I wrote four novels between the ages of 18 and 23. That time helped me hone a few important skills: editing, sustained focus, and how to see a long project through to completion. Writing itself, though, is a strange skill. Practice matters, experimentation matters — but there’s another ingredient that’s harder to rush.
That ingredient is life experience.
As I finished the last book of my youth, I ran into a difficult realization: the biggest limiting factor in my writing wasn’t effort or ambition, but experience. At that point, I had barely left home. Since then, writing drifted in and out of my life, but I never truly let it go.

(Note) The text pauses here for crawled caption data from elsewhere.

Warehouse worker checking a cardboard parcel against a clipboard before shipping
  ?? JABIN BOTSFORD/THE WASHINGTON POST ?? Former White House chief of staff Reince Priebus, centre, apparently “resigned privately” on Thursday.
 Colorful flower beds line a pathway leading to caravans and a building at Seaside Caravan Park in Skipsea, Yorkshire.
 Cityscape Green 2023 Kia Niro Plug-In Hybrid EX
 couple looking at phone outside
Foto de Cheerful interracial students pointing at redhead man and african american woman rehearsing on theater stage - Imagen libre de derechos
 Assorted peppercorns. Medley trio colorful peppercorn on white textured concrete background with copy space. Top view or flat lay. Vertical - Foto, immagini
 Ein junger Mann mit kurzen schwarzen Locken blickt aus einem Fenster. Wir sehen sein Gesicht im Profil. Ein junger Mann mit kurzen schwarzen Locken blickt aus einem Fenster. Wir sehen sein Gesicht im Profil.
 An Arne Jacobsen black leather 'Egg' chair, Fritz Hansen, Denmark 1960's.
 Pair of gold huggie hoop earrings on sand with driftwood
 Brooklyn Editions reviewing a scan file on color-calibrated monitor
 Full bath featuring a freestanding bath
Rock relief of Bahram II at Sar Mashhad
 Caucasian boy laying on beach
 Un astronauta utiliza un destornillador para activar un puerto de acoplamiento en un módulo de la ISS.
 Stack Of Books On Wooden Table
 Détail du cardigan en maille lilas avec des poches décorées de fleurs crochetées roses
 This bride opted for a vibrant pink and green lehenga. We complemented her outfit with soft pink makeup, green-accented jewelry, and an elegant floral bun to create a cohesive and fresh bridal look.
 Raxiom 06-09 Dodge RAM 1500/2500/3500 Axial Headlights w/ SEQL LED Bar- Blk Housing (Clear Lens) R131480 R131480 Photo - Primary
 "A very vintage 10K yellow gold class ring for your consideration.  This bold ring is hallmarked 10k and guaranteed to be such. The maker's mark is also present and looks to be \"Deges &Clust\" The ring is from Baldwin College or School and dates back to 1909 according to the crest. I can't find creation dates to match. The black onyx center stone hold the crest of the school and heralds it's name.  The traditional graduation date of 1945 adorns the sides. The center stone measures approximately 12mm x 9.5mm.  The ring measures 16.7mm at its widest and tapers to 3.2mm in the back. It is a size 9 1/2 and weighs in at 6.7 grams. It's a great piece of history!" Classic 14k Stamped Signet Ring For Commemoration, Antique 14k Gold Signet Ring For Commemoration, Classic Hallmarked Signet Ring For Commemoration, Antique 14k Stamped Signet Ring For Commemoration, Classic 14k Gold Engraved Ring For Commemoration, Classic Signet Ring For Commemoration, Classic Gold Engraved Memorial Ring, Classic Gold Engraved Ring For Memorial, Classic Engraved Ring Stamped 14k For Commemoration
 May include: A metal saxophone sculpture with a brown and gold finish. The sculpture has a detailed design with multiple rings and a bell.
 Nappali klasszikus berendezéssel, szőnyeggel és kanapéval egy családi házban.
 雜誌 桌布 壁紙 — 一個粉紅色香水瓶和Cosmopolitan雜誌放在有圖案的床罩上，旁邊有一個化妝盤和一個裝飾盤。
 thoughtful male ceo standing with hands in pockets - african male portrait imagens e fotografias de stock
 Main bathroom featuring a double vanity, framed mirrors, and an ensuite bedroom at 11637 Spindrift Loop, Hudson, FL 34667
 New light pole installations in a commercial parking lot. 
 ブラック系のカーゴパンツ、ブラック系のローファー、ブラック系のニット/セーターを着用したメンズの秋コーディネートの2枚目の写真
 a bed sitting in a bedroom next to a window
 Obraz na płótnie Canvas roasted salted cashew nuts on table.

More importantly, I went out and lived. Peace Corps. A career. Marriage. Kids. Management. Moves across the country. Taking risks, sometimes succeeding, sometimes not, until we found a place that felt like home.
Now, as my kids become more self-sufficient, I’ve found the breathing room to write again. I’ve built two to three evenings a week where I go to a nearby brewery, find a quiet corner, and write. That rhythm really solidified in December, when I took three weeks off during my spouse’s recovery from surgery. I’m grateful to have found a way to fold writing back into my normal life — not as an escape, but as a practice.
I’m going to start providing regular writing updates here, inspired by one of my favorite authors, Brandon Sanderson. That means outlines, goals, and progress percentages — less mystery, more honesty.
So, here’s where things stand:
On the Record: An Oral History
100% – Now available
When I was 22, I wrote my fourth novel, The Stagner Chronicles. It was the strongest work I’d produced at that point in my life. On the Record is the result of a comprehensive overhaul and reimagining of that book — a chance to revisit the core ideas with better tools and a wider perspective. I’m proud of how it came together and of the new life it found in the process. It’s now available for purchase.
Continuity: An Oral History of a Generation Ship
10% Done with Rough Draft
I began Continuity in early January, and the start has been strong. This project brings together my favorite narrative form — oral history — with my favorite genre: science fiction. Continuity follows humanity’s first generation ship on a hundred-year journey to Alpha Centauri. It’s been an absolute joy to write, and my goal is to complete and publish it before the end of the year.